2) “Under the banner of the Boise Forest Coalition, these groups helped the Forest Service write a restoration plan that will use the proceeds from the salvage logging to pay for a variety of projects. On the list are efforts to protect and restore water quality in the South Fork Payette River and area streams; limit erosion; and reopen trails, roads and campgrounds.

This approach put loggers and conservation groups like the Idaho Conservation League on the same side as they helped the cash-strapped agency write up a plan that would meet environmental laws. So when other environmental groups like Wildlands Defense, Alliance for the Wild Rockies and the Native Ecosystems Council sued to halt the project, U.S. District Judge B. Lynn Winmill allowed the logging to continue, noting in November the coalition’s approval of the project.

“We all want to see a healthy forest and clean water and appreciate that the court agreed that the project should move forward,” said Alan Ward, chairman of the Boise County Commission and a member of the coalition.”

3) “Statewide, four timber projects endorsed by collaborative groups over the past two years have later been challenged in court, and all four held up. Fuels treatment in Idaho rose from 53,000 acres in 2016 to 79,000 acres in 2017.

Part of the reason for success has been the use of “Good Neighbor” authority by the state of Idaho. Using a state fund, state foresters prepare timber sales after the Forest Service completes environmental reviews. This has increased how many projects can be offered even as federal staffs become smaller.”

B) A few excerpts from the background story from May 6, 2017

1) “Even before fall snow put the fire out last year, Peterson and John Kidd, his counterpart in the Lowman District, were overseeing rehabilitation projects to prevent landslides, mud flows and severe erosion. Such events can take out the roads that are major recreation arteries into the places Treasure Valley residents go to camp, collect mushrooms, hike, hunt, fish or ride off-road vehicles.”

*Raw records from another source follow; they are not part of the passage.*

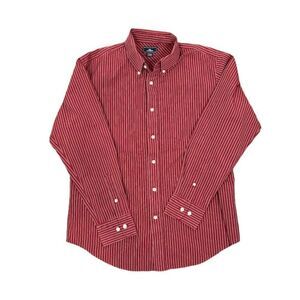 Dockers Men's Button Down Shirt Crimson Red Striped Size Medium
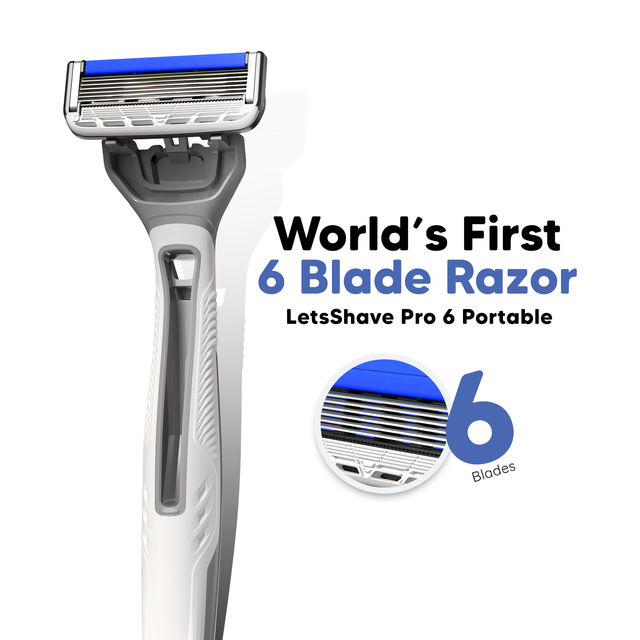 LetsShave Pro 6 Portable Razor | Pack of 1 | World's First 6-Blade Razor for men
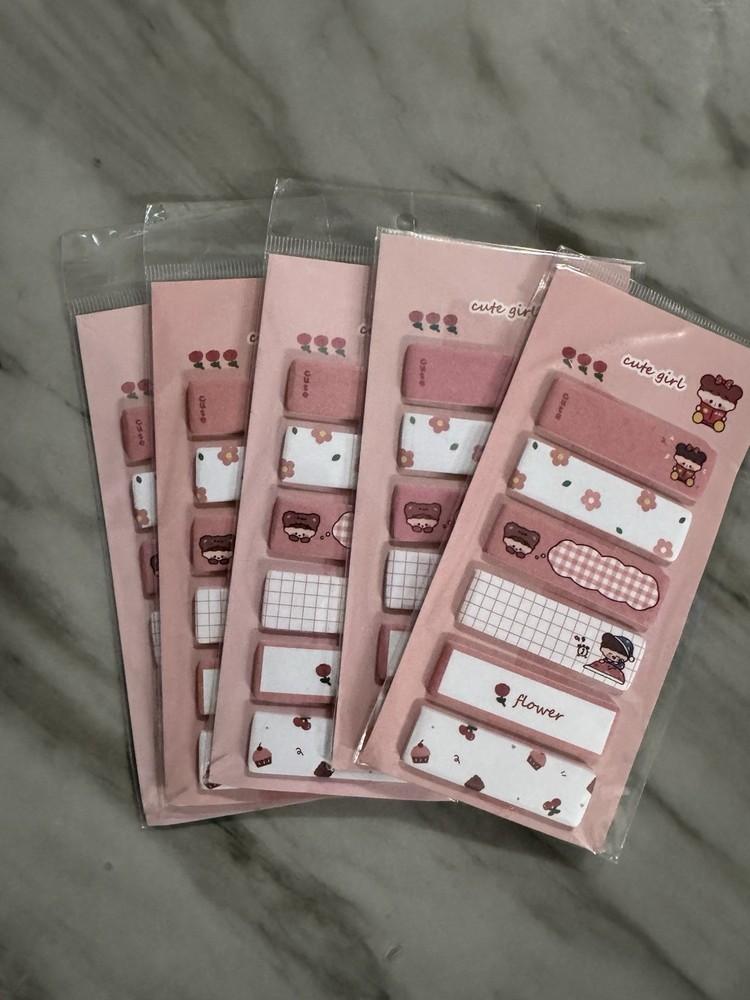 Lot Of 5! Pink Cute Sticky Note,Girl Animal Pattern Note Standard,
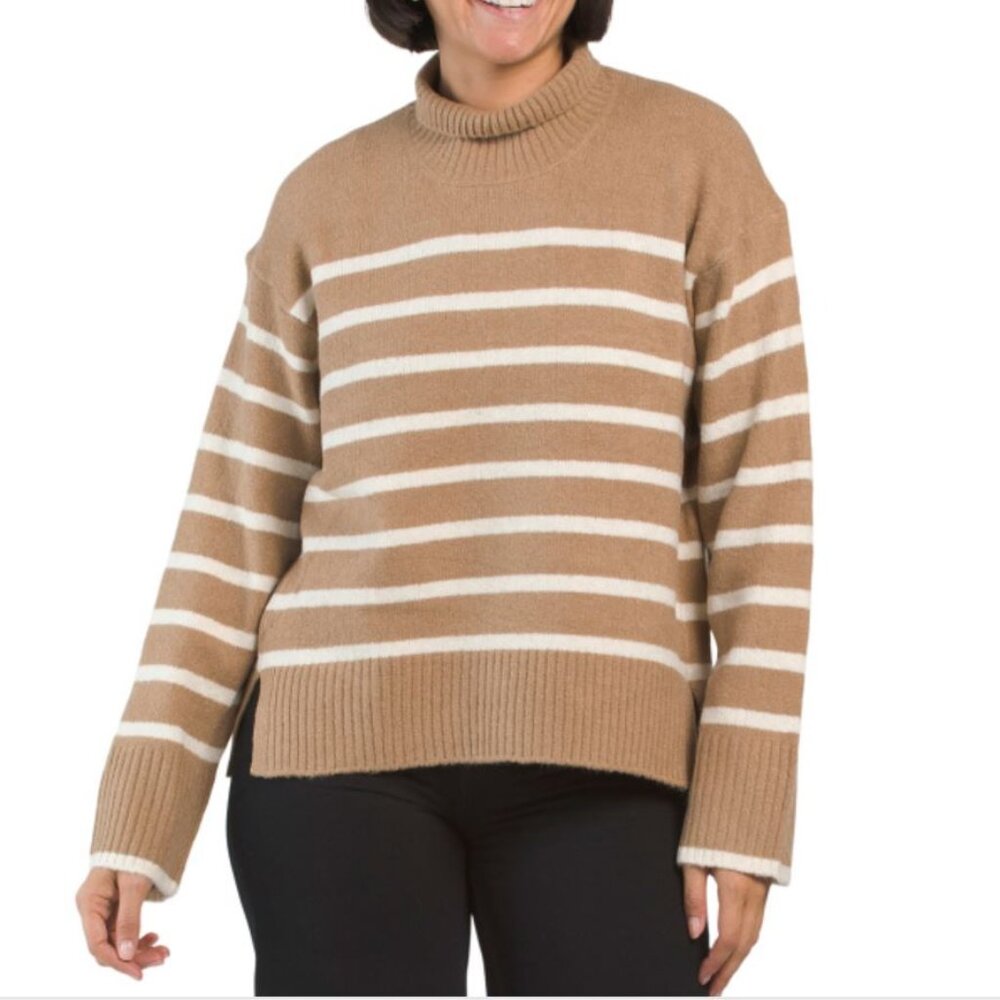 NWT SILVER JEANS CO High Neck Stripe Beige Pullover Sweater Size XS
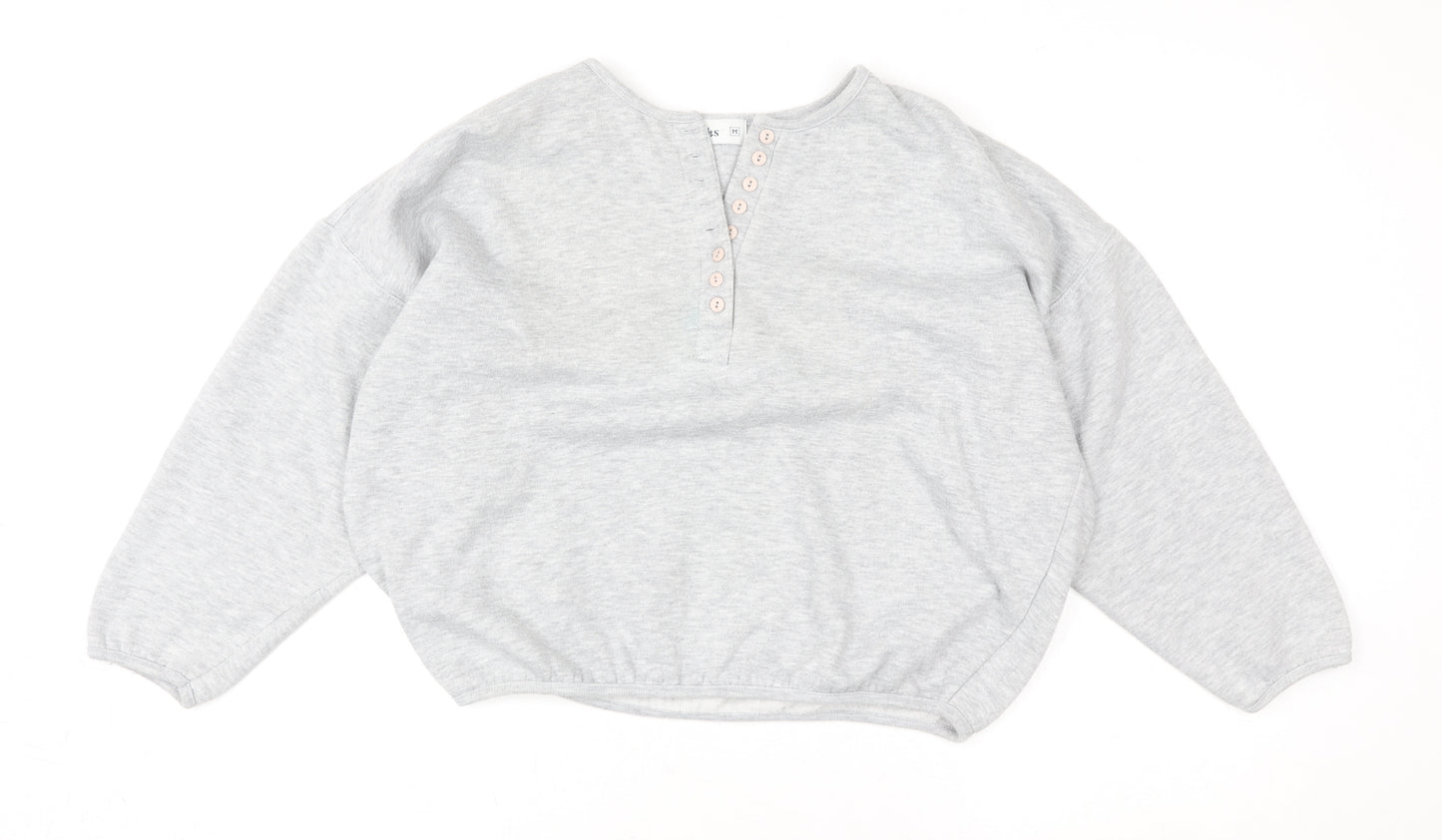 Marks and Spencer Women’s Grey Henley Pullover Sweatshirt M
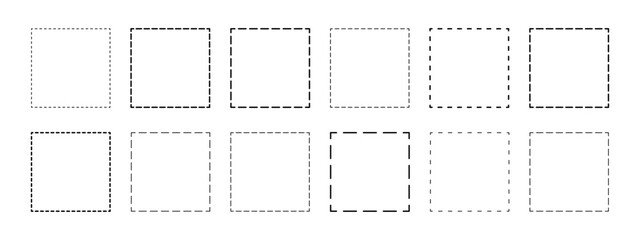 Set of geometric square shapes with dashed lines. Dotted figures isolated on white background. Simple cut here pictograms. Vector outline illustration.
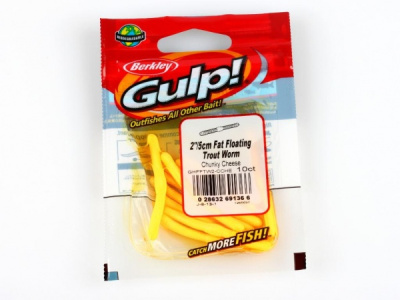 Приманка силиконовая BERKLEY Gulp Fat Floting Trout Worm Chunky Cheese, 2", 5cm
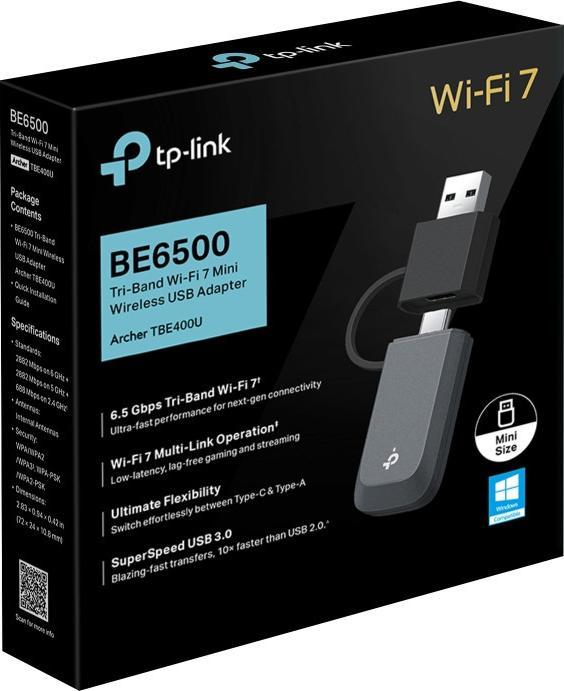 Actual product image TP-Link Archer TBE400U BE6500 Tri-Band Wi-Fi 7 Mini Wireless USB Adapter (USB, USB 3.0, USB-C)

2) ““It also gives us the ability to have some funding for the reforestation and other things, like culvert replacement,” said Kidd. “If we didn’t do this salvage right away, we would probably be dealing with this for the next 20 years. (Restoration) takes manpower and that takes funding, which we might not have down the road.””

3) “Many of the trees to be harvested are near roads and trails and are considered a hazard to the traveling and recreating public. If not cut now, those hazards might last 10 years.

Morris Huffman, a forest consultant who served on the Boise Forest Coalition, said uncut burned trees could fall and close corridors like Clear Creek Road for years. Clear Creek provides access to Bear Valley Creek, one of the headwaters of the Middle Fork of the Salmon River popular with campers, hunters and anglers.”

4) “In addition to logging and tree planting, the projects include decommissioning and removing unneeded roads; thinning overgrown forests; trail work; spraying to control noxious weeds; road maintenance; and water quality-improvement projects such as culverts and water bars.

5) “Not everyone is eager to see such aggressive action following the fire. There is ecological value in leaving the forest alone after a burn. The Northwest forest ecosystem evolved in fire, and bird species like black-backed woodpeckers, for example, rely heavily on snag trees left standing after a burn.

Jeff Juel, an environmental consultant from Missoula, Mont., who works for environmental groups that oppose salvage sales, argues that the less done after a fire, the more resilient the area is to future disturbances. He opposes the agency’s emergency declarations justified by the need to sell timber to help the local mill and workers. He wants a full environmental review instead of the shortened one the Forest Service is doing.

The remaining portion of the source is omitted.